An illumination level control device (10) is disclosed which sequentially reduces the illumination level of a multi-bulb lamp (12). The illumination level control device (10) incorporates two D flip-flops (38,40) configured in a master-slave relationship wherein the two D flip-flops (38,40) change their respective states when the clock (60) sends a positive-edge of the clock signal thereto. A portion (58) of the device (10) sets the two D flip-flops (38,40) when the wall switch (22) is off for more than a predetermined time. In the case of a three bulb (14,16,18) lamp (12), a zero state preventor (56) prevents all of the bulbs (14,16,18) from being turned off when the wall switch (22) is in the ON position. The zero state preventor (56) effectively eliminates the state wherein the outputs of both of the two D flip-flops (38,40) are low.

Description

BACKGROUND OF THE INVENTION

1. Technical Field

The subject invention relates to switches for lighting systems having a plurality of bulbs. More particularly, the subject invention relates to an electronic switch located in the power supply circuit of a lamp for reducing the level of illumination of a fluorescent lamp.

2. Description of Related Art

As the cost of energy continues to climb alongside increased awareness of the need for energy conservation, more and more areas of energy consumption are being viewed with an eye toward energy consumption. Fluorescent illumination has been targeted as an area to reduce energy consumption by reducing the amount of illumination emanating from a fluorescent lamp. However, such systems are costly, especially when retro-fitting, and provide minimal energy savings.

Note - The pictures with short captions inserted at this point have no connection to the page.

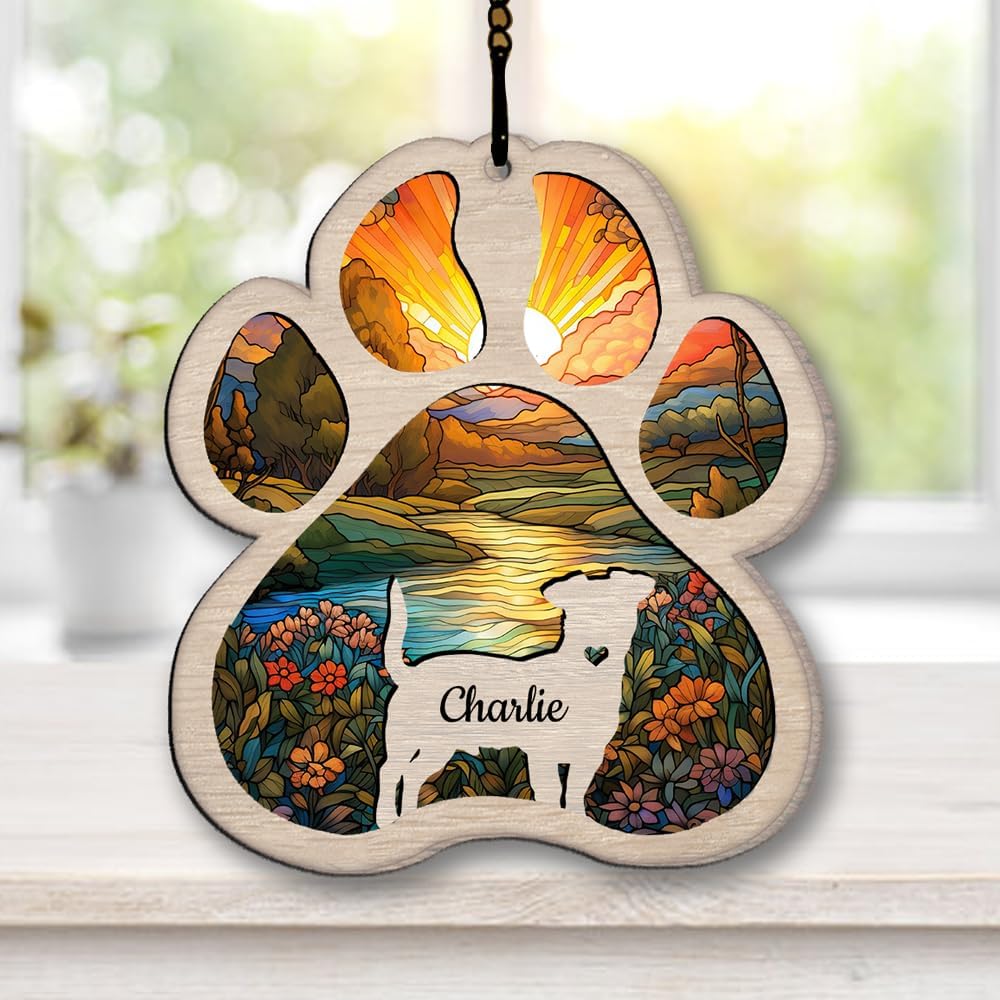 Personalized Smooth Collie Suncatcher Dog Memorial Gifts, Custom Smooth Collie Ornament Christmas Tree, Pet Remembrance Gift, Loss of Dog Sympathy Gift, Pets Memorial Ornament, Pet Loss Suncatcher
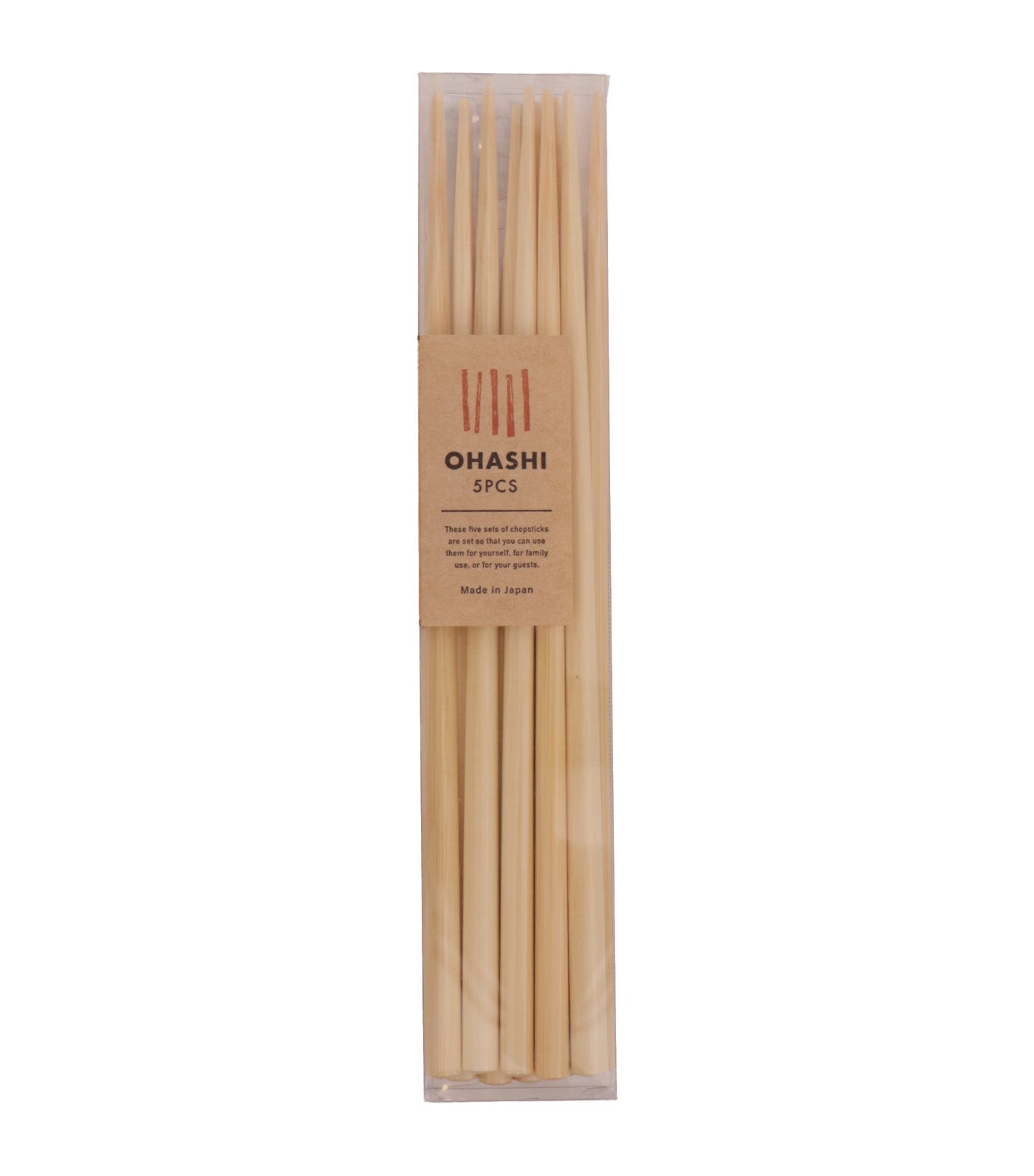 Shirotake Plain Square-Tip Chopsticks 22.5cm Set of 5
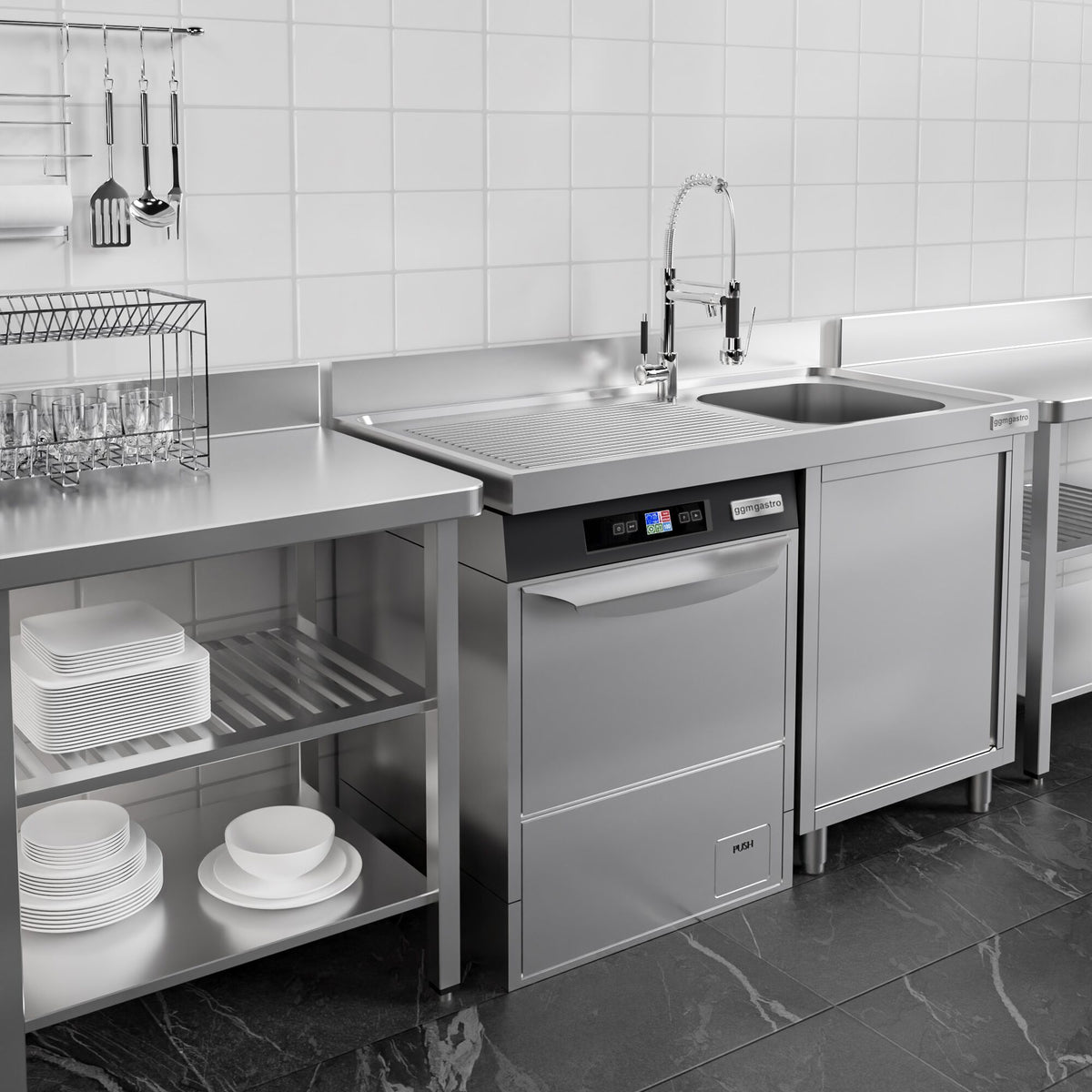 Commercial Dishwasher Sink Cabinet 1200x700x970mm
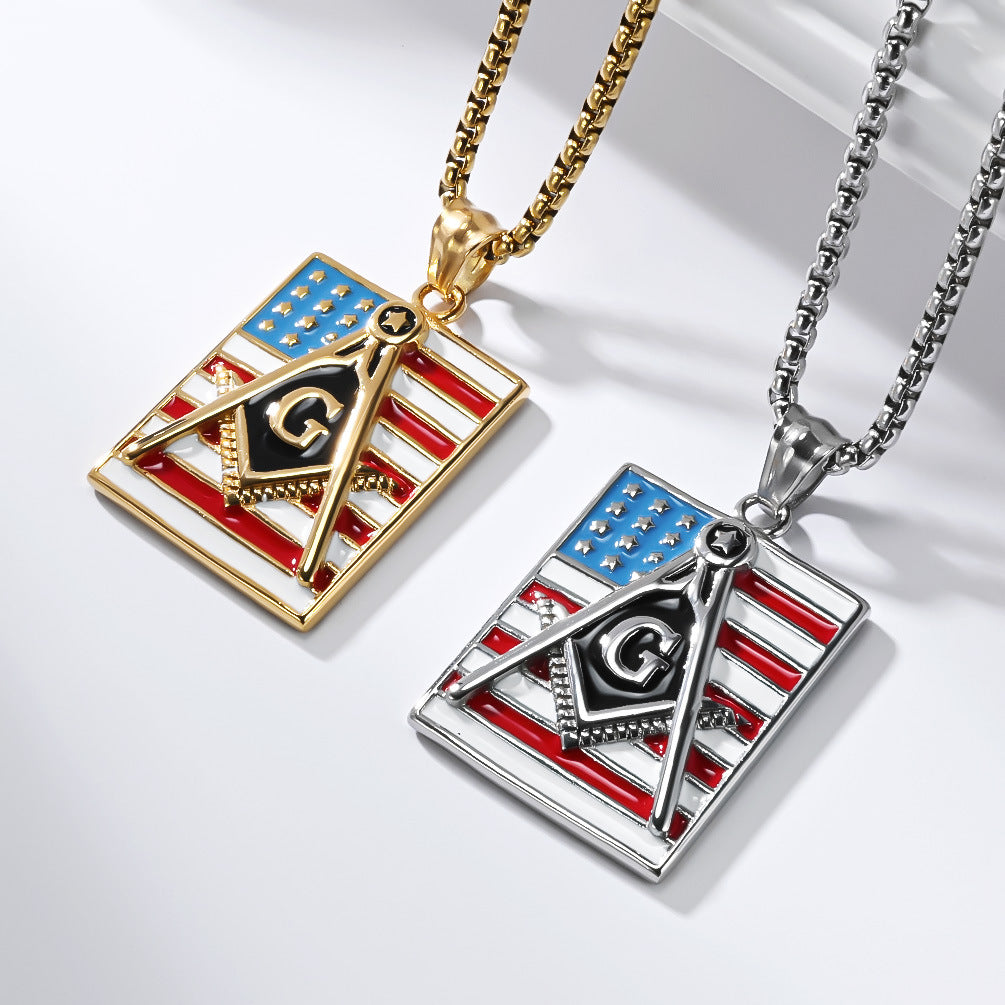 Planderful Freemason Stars And Stripes Necklace For Men Everyday Genie Stainless Steel Hip Hop Pendant
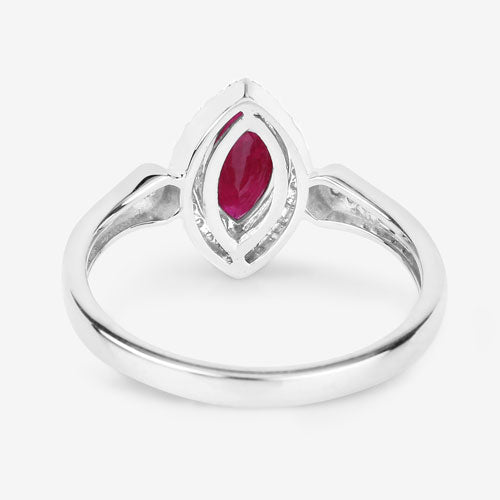 0.96 Carat Genuine Ruby and White Diamond 14K White Gold Ring on sale at MyriadMart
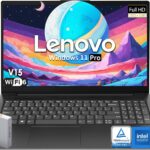 Lenovo V15 Laptop, Intel Celeron N4500 Processor, 15.6″ FHD 1920×1080 Anti-Glare LED Display, 16GB RAM, 256GB PCIe SSD, Ethernet Port RJ-45, WiFi 6 & Bluetooth 5.2, Windows 11 Pro, WOWPC Recovery USB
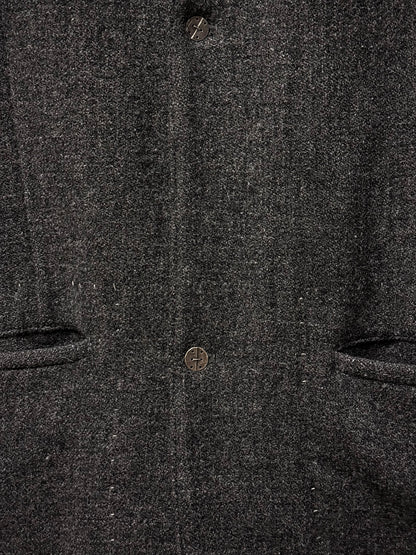 Taichi Murakami Taped Seam Anatomical Cashmere Tweed High Neck Coat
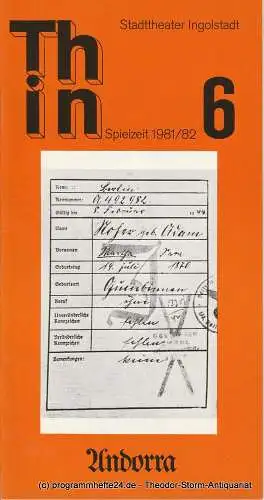 Stadttheater Ingolstadt, Ernst Seiltgen, Lenz Prütting: Programmheft ANDORRA von Max Frisch. Premiere 25.3.1982 Spielzeit 1981 / 82 (18). 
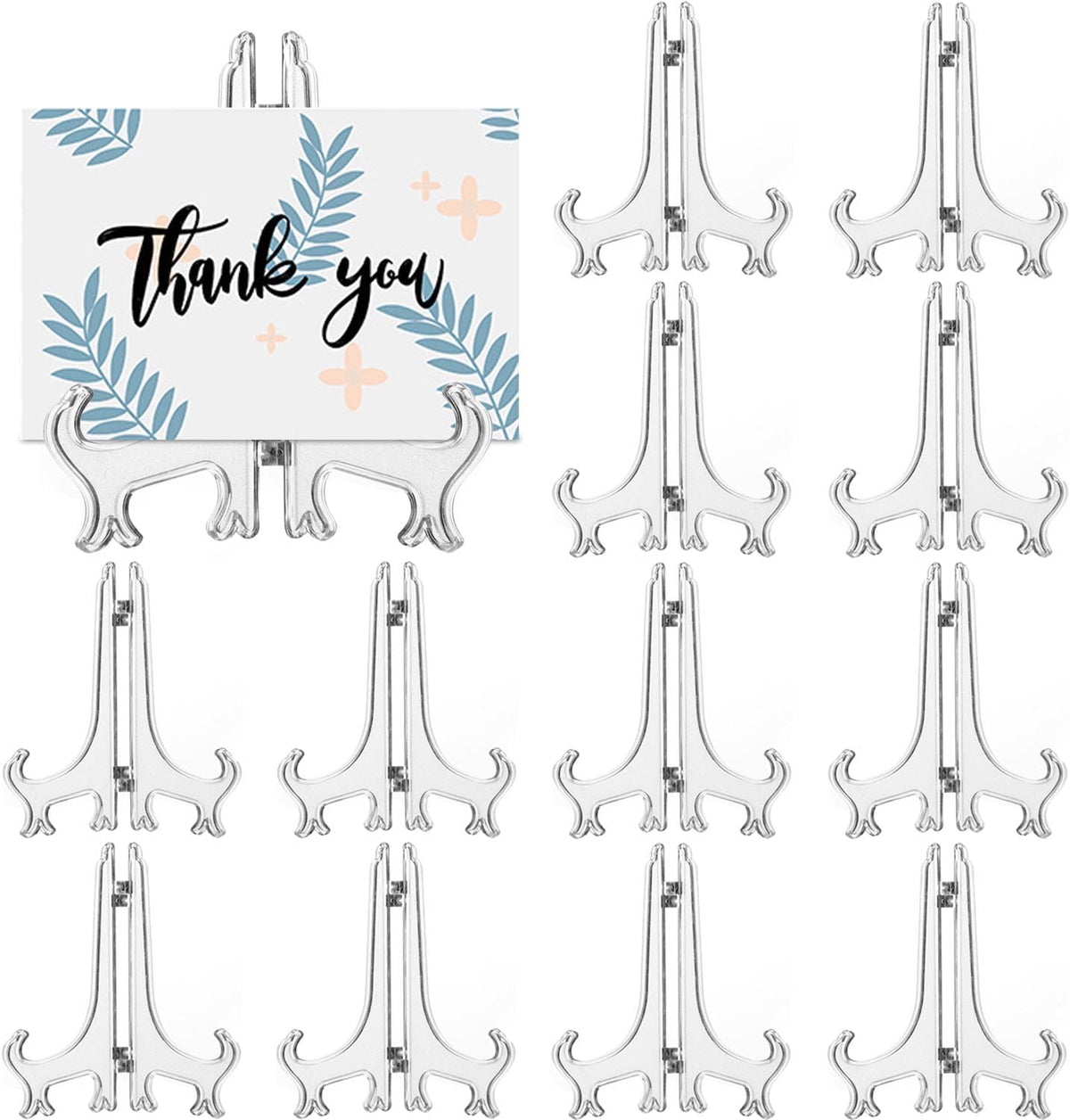 12 Pack 3 Inch Clear Plastic Easels or Stand/Plate Holders to Display Pictures or Other Items at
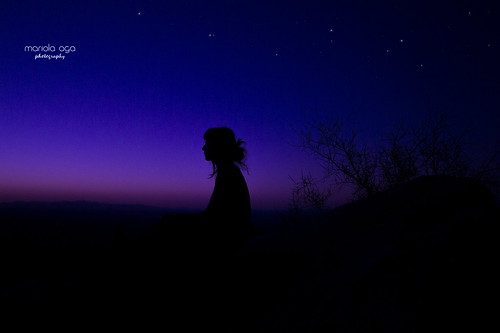 hills evening sunset night sky twilight bush girl silhouette silence art southmountain arizona dobbinslookout thegalaxy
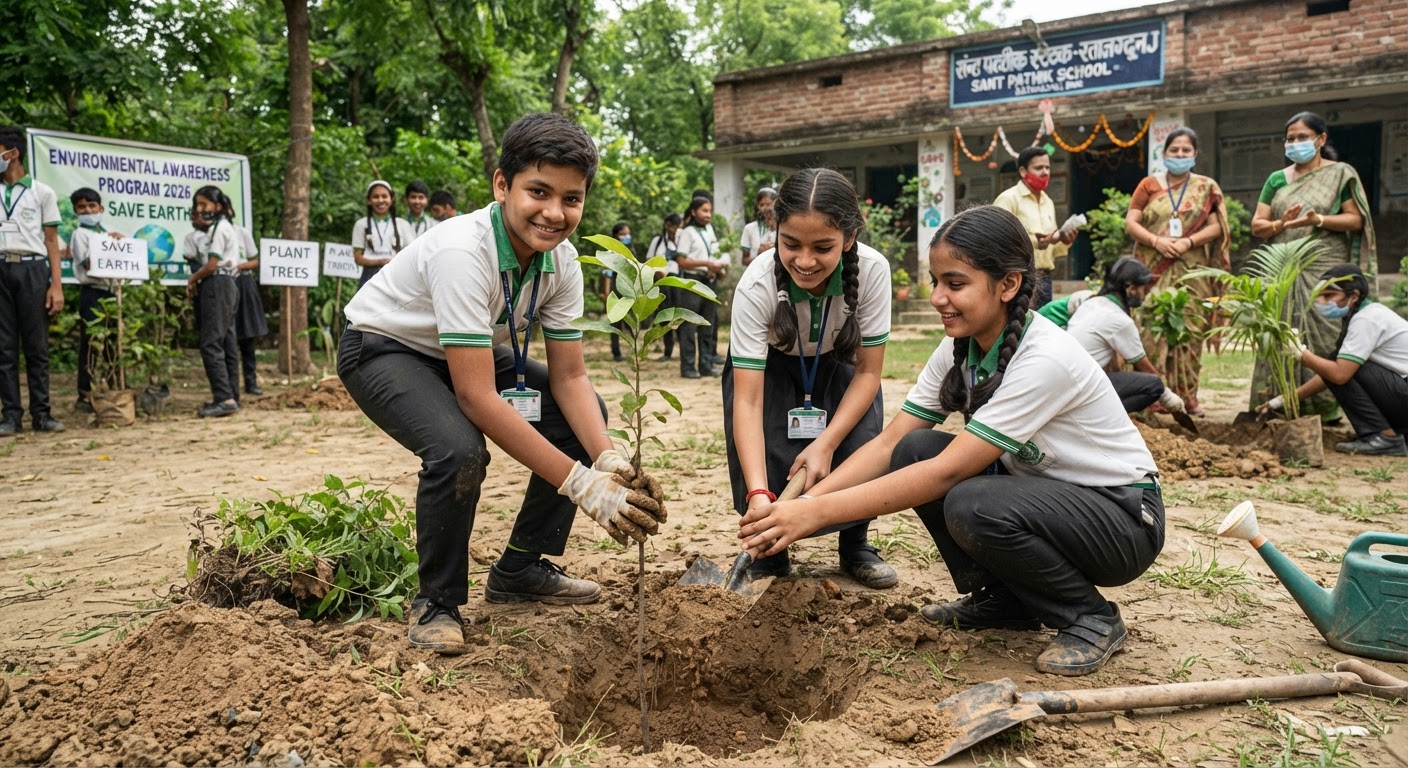 संत पथिक स्कूल के बच्चों ने पेड़ लगाकर पर्यावरण बचाने का दिया अनोखा संदेश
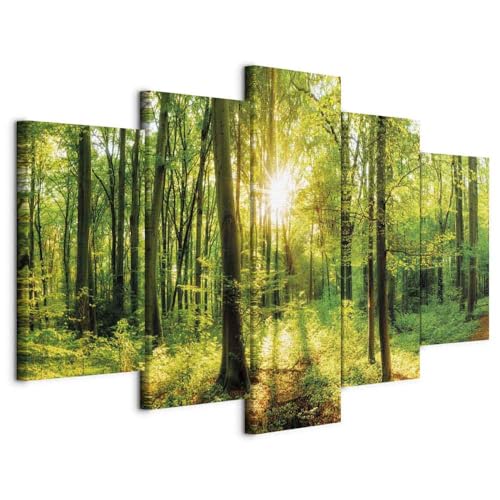 B&D XXL - Wandbilder XXL 200x100cm 5 tlg - Wand Deko Leinwand Bilder Groß Wanddeko Wohnzimmer Schlafzimmer Kunstdrucke - Abstrakt Wald Natur Baum c-B-0186-b-m B&D XXL - Wandbilder XXL 200x100cm 5 tlg - Wand Deko Leinwand Bilder Groß Wanddeko Wohnzimmer Schlafzimmer Kunstdrucke - Abstrakt Wald Natur Baum c-B-0186-b-m von B&D XXL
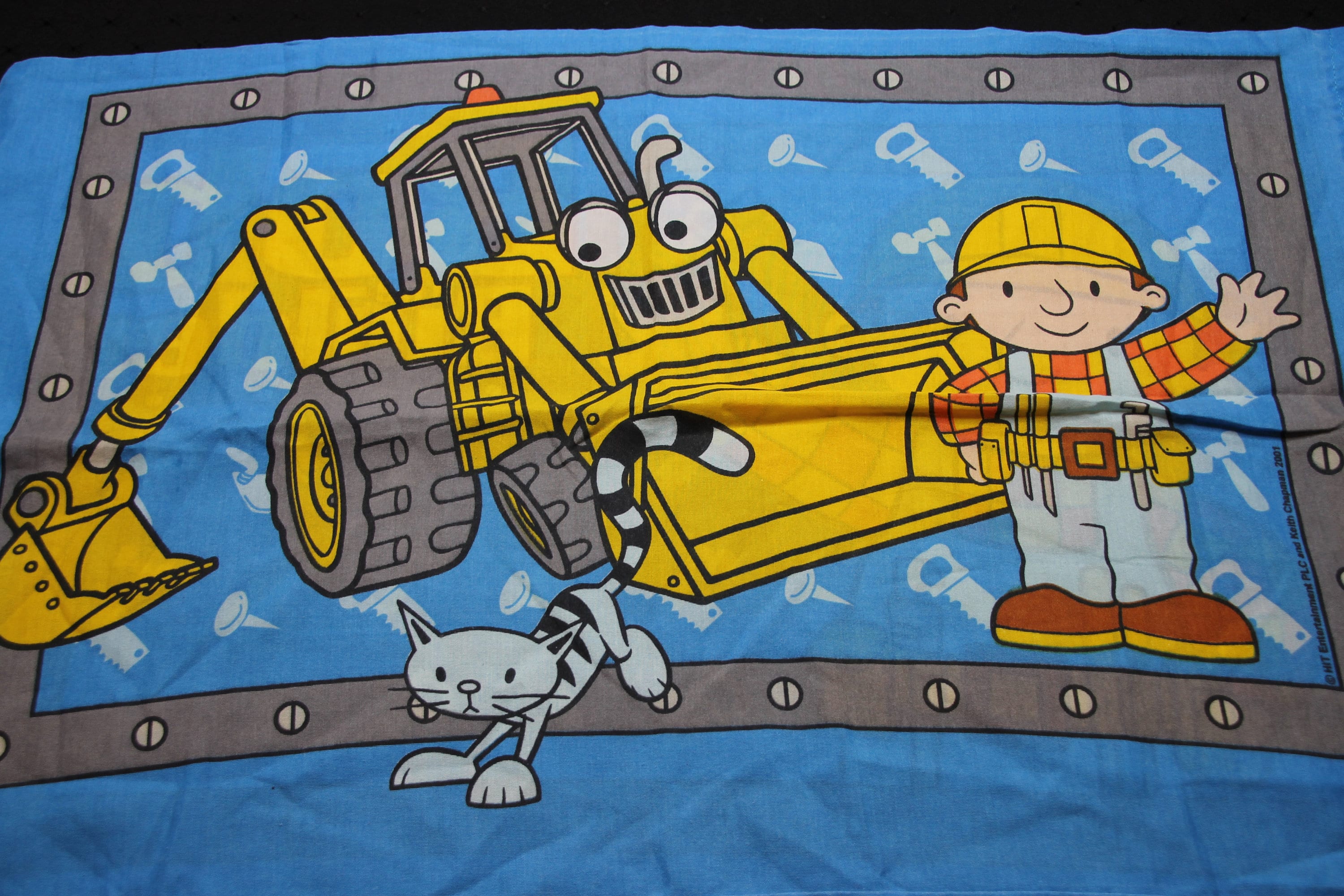Vintage BOB the Builder Themed Blue Kids Pillowcase - Etsy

The most recent attempt at a circuit which could regulate the illumination level of a fluorescent lamp is U.S. Pat. No. 4,896,079 to Tabor, issued on Jan. 23, 1990. This patent discloses a switch, connected between a toggle power switch and the fluorescent lamp, that switches one set of fluorescent bulbs, either one bulb or two, on and off with each successive toggle of their toggle power switch. Also included in the design is a reset feature which will reset the number of bulbs turned on if the toggle power switch is in the off position for a time greater than a predetermined time. This device falls short of what is needed in the marketplace because it only offers two different levels of illumination. In addition, the device does not have the capability of combining different combinations of bulbs to provide a plurality of illumination levels greater than two.

SUMMARY OF THE INVENTION AND ADVANTAGES

An illumination level control device controls the level of illumination in a lamp having at least three bulbs. The lamp is connected to an electrical power line which is controlled by a power toggle switch. The illumination level control device comprises switching means for switching at least two bulbs off and on. Connecting means connects the switching means to at least two of the bulbs and to the electrical power line supplying electrical power to the lamp. The illumination level control device is characterized by controlling means responsive to successive toggling of the power toggle switch across the electrical power line for controlling the switching means such that the controlling means operates the switching means to sequentially change the number of bulbs being illuminated at any one time through at least three different levels of illumination.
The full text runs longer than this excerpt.